Pirate rig is authorized and you can tan all you like, so long as it’s with paintbrush in hand. What is pirate rig you ask? Well, essentially pirate rig is any old pair of shorts, sandals and your favourite shirt. You know the one, it’s the shirt your wife absolutely refuses to be seen in public with you wearing: the same shirt that you tirelessly rescue for the rag bin or the goodwill bag when you think she’s not looking.
No Skylarking is permitted. Translation: no tanning without a paintbrush in hand. Roger, out.
Fast Forward…
The workday for those not standing watches is over. We’ve all gravitated toward the flight deck where the barbeques are doing double duty searing hamburgers and hotdogs.
Most of us have already been below to shower in an attempt to cool our sun-ravaged flesh, and walking out of the hanger you see that you weren’t the only one to miss a spot or two with the sunscreen - everywhere you look glowing red welts.
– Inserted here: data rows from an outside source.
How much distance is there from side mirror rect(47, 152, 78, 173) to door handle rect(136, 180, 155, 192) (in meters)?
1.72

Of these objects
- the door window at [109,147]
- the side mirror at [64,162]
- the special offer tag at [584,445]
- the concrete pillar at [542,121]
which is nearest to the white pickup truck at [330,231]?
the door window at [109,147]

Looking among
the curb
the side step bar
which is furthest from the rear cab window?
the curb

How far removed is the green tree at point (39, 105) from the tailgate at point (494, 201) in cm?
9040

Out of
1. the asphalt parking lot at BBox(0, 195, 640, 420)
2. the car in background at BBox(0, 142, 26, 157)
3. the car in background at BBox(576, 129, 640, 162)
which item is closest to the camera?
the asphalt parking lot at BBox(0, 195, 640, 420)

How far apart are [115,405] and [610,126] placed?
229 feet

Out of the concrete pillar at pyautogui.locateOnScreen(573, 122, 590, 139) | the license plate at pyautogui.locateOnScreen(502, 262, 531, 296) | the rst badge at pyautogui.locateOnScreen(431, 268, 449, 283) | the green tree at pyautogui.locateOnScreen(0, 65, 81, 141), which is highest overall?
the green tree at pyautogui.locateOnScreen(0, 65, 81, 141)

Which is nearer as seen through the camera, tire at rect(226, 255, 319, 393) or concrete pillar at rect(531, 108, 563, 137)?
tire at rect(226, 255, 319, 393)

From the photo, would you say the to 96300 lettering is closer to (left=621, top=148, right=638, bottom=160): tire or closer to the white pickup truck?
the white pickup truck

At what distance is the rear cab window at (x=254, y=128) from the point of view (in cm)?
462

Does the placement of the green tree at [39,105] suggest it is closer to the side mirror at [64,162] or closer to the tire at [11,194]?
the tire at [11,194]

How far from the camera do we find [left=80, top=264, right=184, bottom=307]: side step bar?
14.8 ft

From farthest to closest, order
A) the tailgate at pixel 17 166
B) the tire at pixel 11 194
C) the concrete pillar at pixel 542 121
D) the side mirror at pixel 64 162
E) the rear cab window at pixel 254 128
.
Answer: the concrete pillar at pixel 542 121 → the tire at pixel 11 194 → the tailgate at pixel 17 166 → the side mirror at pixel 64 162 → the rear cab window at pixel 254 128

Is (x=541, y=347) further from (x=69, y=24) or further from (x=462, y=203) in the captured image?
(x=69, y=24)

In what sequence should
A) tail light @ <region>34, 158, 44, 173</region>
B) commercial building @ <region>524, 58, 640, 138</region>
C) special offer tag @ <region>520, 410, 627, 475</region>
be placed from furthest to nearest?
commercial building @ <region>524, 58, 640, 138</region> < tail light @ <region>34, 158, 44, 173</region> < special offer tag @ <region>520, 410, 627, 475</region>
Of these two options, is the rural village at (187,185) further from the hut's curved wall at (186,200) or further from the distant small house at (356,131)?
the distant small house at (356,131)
The last thing any of us needs is more exposure, but the sun is weaker now as it starts its nightly descent toward the horizon and a cooling breeze has begun to blow.
Cheerful music from our collective pasts plays from four speakers placed in each corner of the flight deck and friends gather in light-heart conversation. The friends, the music, the Pacific breeze and the setting sun, since we have no choice but to be far from home, at this very moment, I can’t think of no better place than here.
Feb. 21 – Day 20
I’ve seen it before. It’s happened on every long deployment, every ship I’ve been on; the ship begins to take the shape of a small town – security, comfort in the same faces seen day in and day out. Routines and social groups form, sponsored by like interests: language training and music lessons here, weight and fitness training there.
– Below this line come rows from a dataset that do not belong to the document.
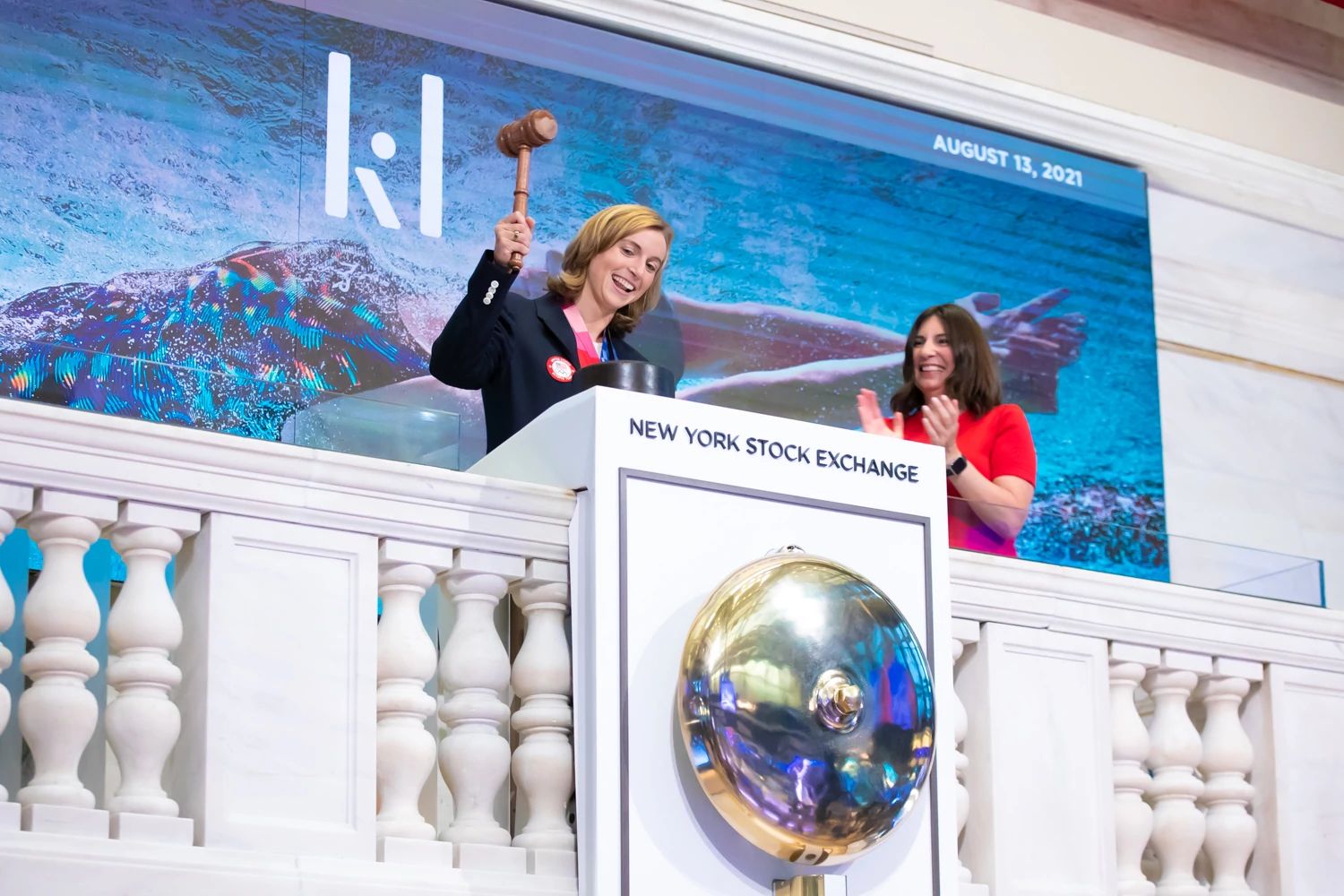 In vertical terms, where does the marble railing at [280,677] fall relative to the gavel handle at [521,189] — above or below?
below

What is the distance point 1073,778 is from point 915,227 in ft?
9.47

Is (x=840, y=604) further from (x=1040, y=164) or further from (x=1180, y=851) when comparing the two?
(x=1040, y=164)

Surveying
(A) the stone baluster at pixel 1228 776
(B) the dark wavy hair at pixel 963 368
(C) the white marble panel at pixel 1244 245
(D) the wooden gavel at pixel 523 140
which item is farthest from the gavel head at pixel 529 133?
(C) the white marble panel at pixel 1244 245

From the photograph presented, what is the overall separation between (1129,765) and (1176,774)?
A: 114 millimetres

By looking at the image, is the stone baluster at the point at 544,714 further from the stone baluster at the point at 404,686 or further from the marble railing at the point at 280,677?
the stone baluster at the point at 404,686

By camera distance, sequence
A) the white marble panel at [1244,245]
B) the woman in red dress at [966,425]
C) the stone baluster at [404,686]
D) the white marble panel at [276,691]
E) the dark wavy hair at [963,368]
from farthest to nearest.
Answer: the white marble panel at [1244,245] < the dark wavy hair at [963,368] < the woman in red dress at [966,425] < the stone baluster at [404,686] < the white marble panel at [276,691]

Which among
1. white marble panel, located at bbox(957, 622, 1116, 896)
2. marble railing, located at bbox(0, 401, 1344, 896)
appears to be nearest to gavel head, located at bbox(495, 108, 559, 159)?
marble railing, located at bbox(0, 401, 1344, 896)

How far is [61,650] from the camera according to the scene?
2.45 metres

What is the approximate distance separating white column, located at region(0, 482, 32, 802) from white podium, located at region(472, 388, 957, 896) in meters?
0.70

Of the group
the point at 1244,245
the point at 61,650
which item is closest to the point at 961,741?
the point at 61,650

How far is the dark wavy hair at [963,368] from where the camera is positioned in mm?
4971

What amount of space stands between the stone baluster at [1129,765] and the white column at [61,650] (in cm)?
177

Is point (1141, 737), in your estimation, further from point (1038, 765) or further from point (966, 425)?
point (966, 425)

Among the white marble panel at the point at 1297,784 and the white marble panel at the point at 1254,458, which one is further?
the white marble panel at the point at 1254,458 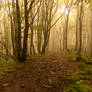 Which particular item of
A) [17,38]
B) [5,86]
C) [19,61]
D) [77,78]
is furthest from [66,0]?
[5,86]

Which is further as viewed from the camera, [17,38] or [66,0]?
[66,0]

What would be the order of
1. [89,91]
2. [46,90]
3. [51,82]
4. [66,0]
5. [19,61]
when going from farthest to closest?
1. [66,0]
2. [19,61]
3. [51,82]
4. [46,90]
5. [89,91]

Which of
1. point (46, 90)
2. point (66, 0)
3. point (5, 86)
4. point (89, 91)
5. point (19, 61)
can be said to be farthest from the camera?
point (66, 0)

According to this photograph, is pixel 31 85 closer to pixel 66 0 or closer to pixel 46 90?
pixel 46 90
There has been a great deal of quiet time during this transit providing each of us the opportunity to reveal another side of ourselves. We already knew each other in so far as our positions, but not so well the “actual people” filling those positions. Standard Operating Procedures and protocols leave little room for individuality, far less for personalities falling outside the accepted boundaries of the “cookie-cutter sailor”.
Yes sir, no sir, three bags full sir. There will be time enough for that.
Tomorrow we arrive in Guam. What had originally been forecast as an eight-hour stopover for fuel has been extended to two days: time to get ashore, buy a souvie or two, perhaps partake in a sociable before continuing on our way.
Feb. 22– Day 21
Welcome to Guam.
It’s hot. A strong breeze is blowing in off the sea belaying the strength of the sun. I find myself along walking a deserted stretch of road that runs through a seldom-used portion of the U.S. Navy station.
To my right a twisted wall of scrub, obscuring the swamp, studded with battered palms and adorned every dozen or so feet with what at first glance appear to be mesh minnow traps. Closer inspection reveals a more sinister purpose – snake traps. I quickly decide to leave the suddenly hostile territory of the grass for the security of the pavement.
To my left are the assorted seemingly deserted buildings of the U.S. Naval station – storm damage from last December’s typhoon readily apparent. Barbed wire fencing extends as far as the eye can see, and as though doubling the threat against all those who would attempt entry, more snake traps. Nothing moves, the only sound that of the wind moaning in my ears and the irregular chime of some distant bell.
This is a lonely, haunted, desolate place. How many men died over this now deserted road? In the wind you can almost hear their voices and beyond that the artillery, and all of it set to the irregular cadence of that distant bell. The bell, not a bell at all, but a 30 mph road sign that has come adrift from its lower mooring and is now clanging against its pole at the mercy of the wind.
Paradise once, but no more. Everywhere there are signs of a storm-embattled community in the process of rebuilding. Huge tumblers break against the shoreline, as though mocking the human efforts and the frailty of their constructs.